BBC chairman Sir David Clementi said it had been a “very difficult decision” but this was the “the fairest and best outcome”.

But Tom Watson Deputy, Leader of the Labour Party and Shadow Culture Secretary, said: “It is an outrage that this Government is overseeing the scrapping of free TV licences for three million older people, leaving a Tory manifesto promise in tatters.

“In the same week that Boris Johnson has championed tax cuts for the rich, this Conservative Government has delivered yet another ruthless welfare cut to some of the most vulnerable people in our society.

“I challenge all Tory leadership candidates to honour the commitment they made in 2017. You cannot means test for social isolation.

“You cannot means test for loneliness. Millions of elderly and isolated people will lose because of this announcement – Labour will fight it with everything we’ve got.”

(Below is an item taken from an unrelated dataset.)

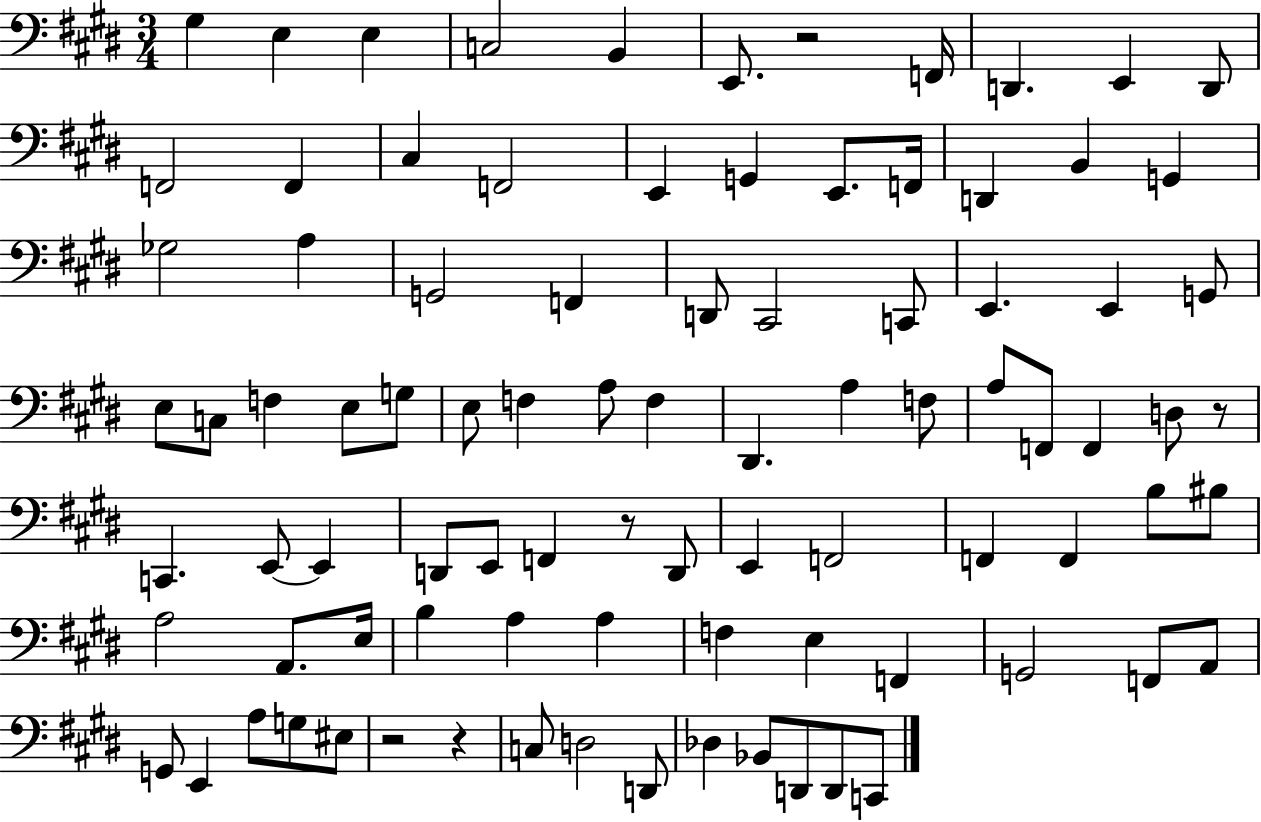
G#3/q E3/q E3/q C3/h B2/q E2/e. R/h F2/s D2/q. E2/q D2/e F2/h F2/q C#3/q F2/h E2/q G2/q E2/e. F2/s D2/q B2/q G2/q Gb3/h A3/q G2/h F2/q D2/e C#2/h C2/e E2/q. E2/q G2/e E3/e C3/e F3/q E3/e G3/e E3/e F3/q A3/e F3/q D#2/q. A3/q F3/e A3/e F2/e F2/q D3/e R/e C2/q. E2/e E2/q D2/e E2/e F2/q R/e D2/e E2/q F2/h F2/q F2/q B3/e BIS3/e A3/h A2/e. E3/s B3/q A3/q A3/q F3/q E3/q F2/q G2/h F2/e A2/e G2/e E2/q A3/e G3/e EIS3/e R/h R/q C3/e D3/h D2/e Db3/q Bb2/e D2/e D2/e C2/e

  1. I can afford to pay for a TV licence, so why should I expect the government to pay it for me? Government money is better spent where it’s really needed.

  2. Bob Bobson says:

    Labour introduced this bribe in 2001, it never made sense — why not increase the state pension by £155 a year instead? It was inevitable.

    To fund this political bribe would mean the BBC would have to find £745m. That means shutting down Radio 1, Radio 2, Radio 3, Radio 4, Radio 5, Local Radio, Radio Scotland, Wales, Ulster, CBBC and CBeebies, and still finding another £24m.

    I wonder how many of those 5,900 households (who don’t get pension credit) buy a daily newspaper (£260 a year). I wonder how many have Sky TV (£324 a year).